家賃滞納者をうまく退去させるには
家賃を滞納するような借主には早く出て行ってもらいたい。
貸主としては当然の考えですが、とはいえ即時に相手を無理やり退去させることはできません。
法律上、自力救済は認められていませんので、例えば勝手に鍵を変えてしまったり、出ていくように威迫したりすれば、かえって貸主側が損害賠償を請求されることもあるのです。
したがって、相手を退去させるには手続きを踏む必要があります。
まずは任意に交渉をすることが考えられますが、早く退去をさせたいからといって、家賃の一部免除や分割弁済などを安易に許すと、最終的に支払いを得られないということもありますので、十分に注意をして交渉をする必要があります。

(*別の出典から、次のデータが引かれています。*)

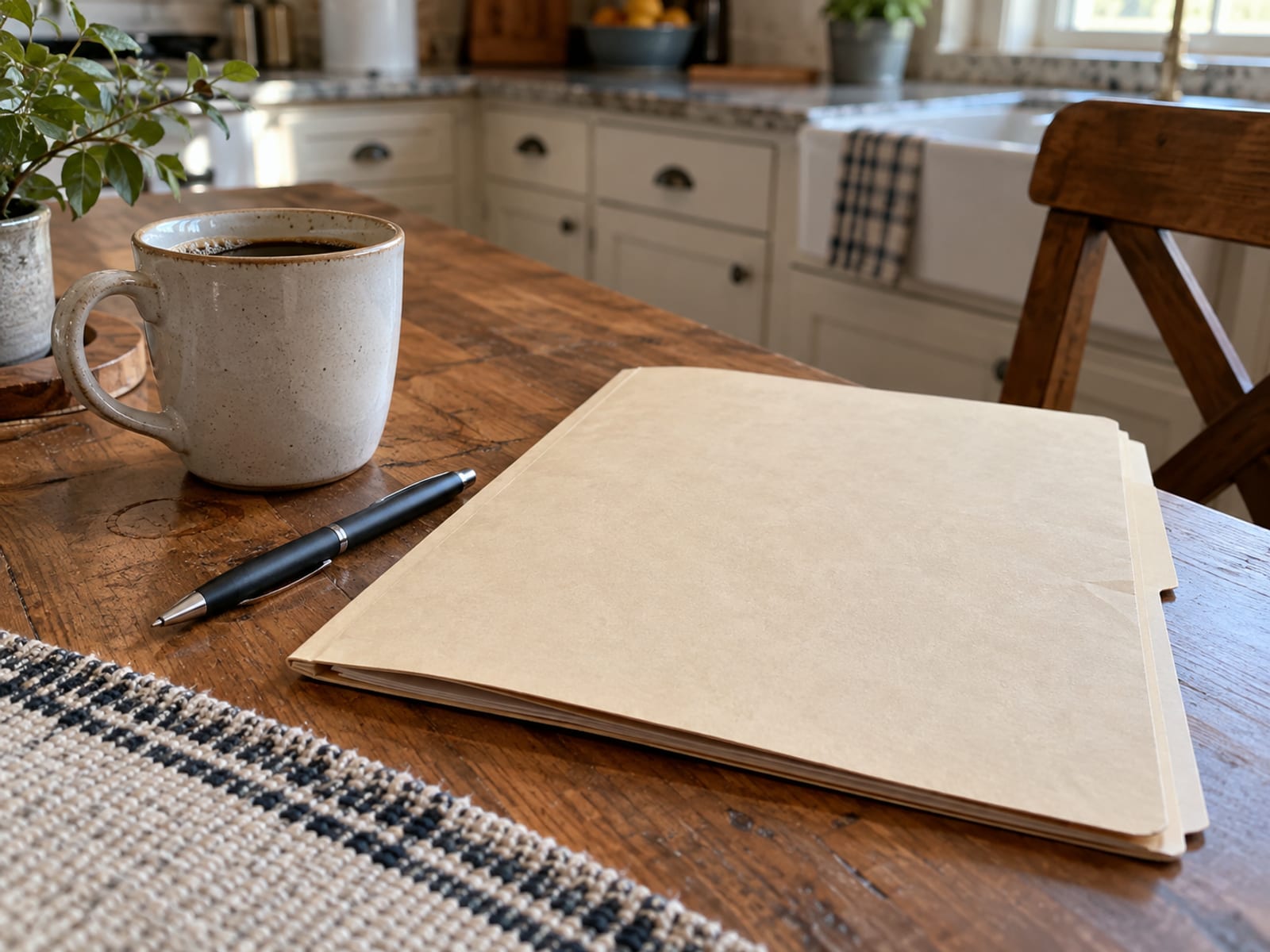 A policy folder, a pen and a cup of coffee on a kitchen table, ready to report a claim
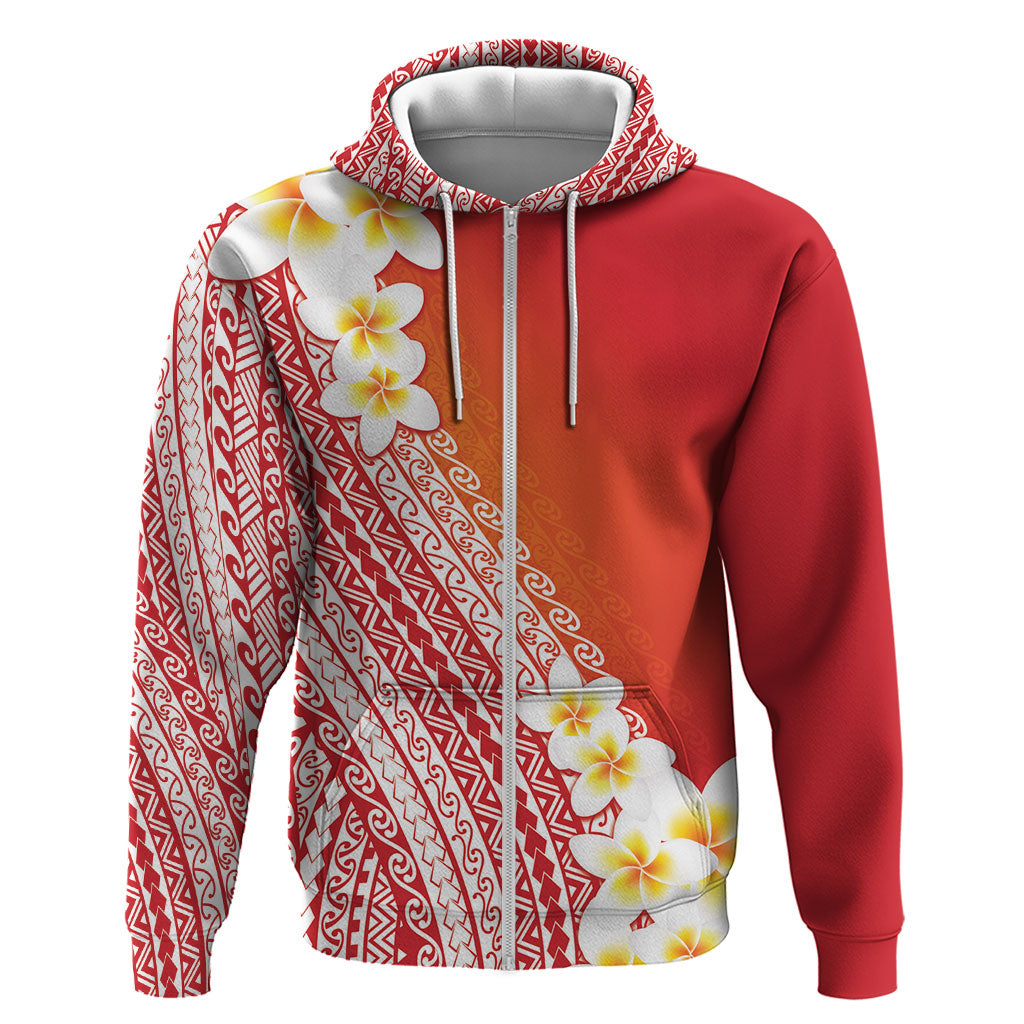 Tahiti Plumeria Tribal Pattern Zip Hoodie Wave Style Red LT05 Zip Hoodie Red - Polynesian Pride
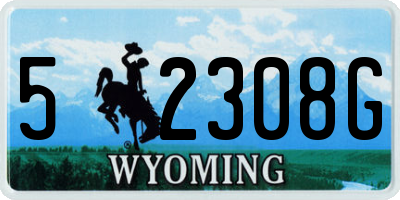 WY license plate 52308G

強制退去をさせるためには裁判手続きを経る必要がありますので、任意交渉をしながら訴訟の準備をあわせて行うことになります。
裁判手続きを利用し、強制退去をさせるためには、建物明渡請求をする必要があります。
賃借人は賃貸借契約により建物を占有できますので、まず前提として賃貸借契約を解除する必要があります。しかし、日本では、賃借人が厚く保護されていますので、家賃を滞納したというだけでは、信頼関係が破壊されたとまではいえないので、賃貸借契約を解除することはできないと言われてしまうこともあります。
ではどの程度家賃滞納期間が経過すれば賃貸借契約を解除できるかというとこれもケースバイケースであり、2ヶ月の滞納で認められることもあれば、半年でも認められないケースもあります。ただ、概ね裁判例では、3ヶ月以上の滞納であれば、信頼関係が破壊され賃貸借契約を解除することが可能とされたケースが多いでしょう。
裁判で賃貸借契約の解除が認められ、建物の明渡が認められた場合に、相手方がなおなかなか退去しようとしないときには、裁判所の強制執行手続きを利用して、現実に退去をさせる手続きを採ることになります。
相手方との交渉が長引き、結局退去をさせるのに時間がかかるということもありますので、できる限り早めに対応をすることが肝要です。
家賃滞納が始まった段階で弁護士に相談し、滞納家賃の支払いと併せ、必要であれば退去手続きについても依頼されることをお勧めいたします。
いすれにしろ、滞納家賃回収や家賃滞納者の建物退去について、どのような手法を採用すべきか、その場合の実際の手続きの遂行について、これらの諸般の事情を考慮して、検討することが重要です。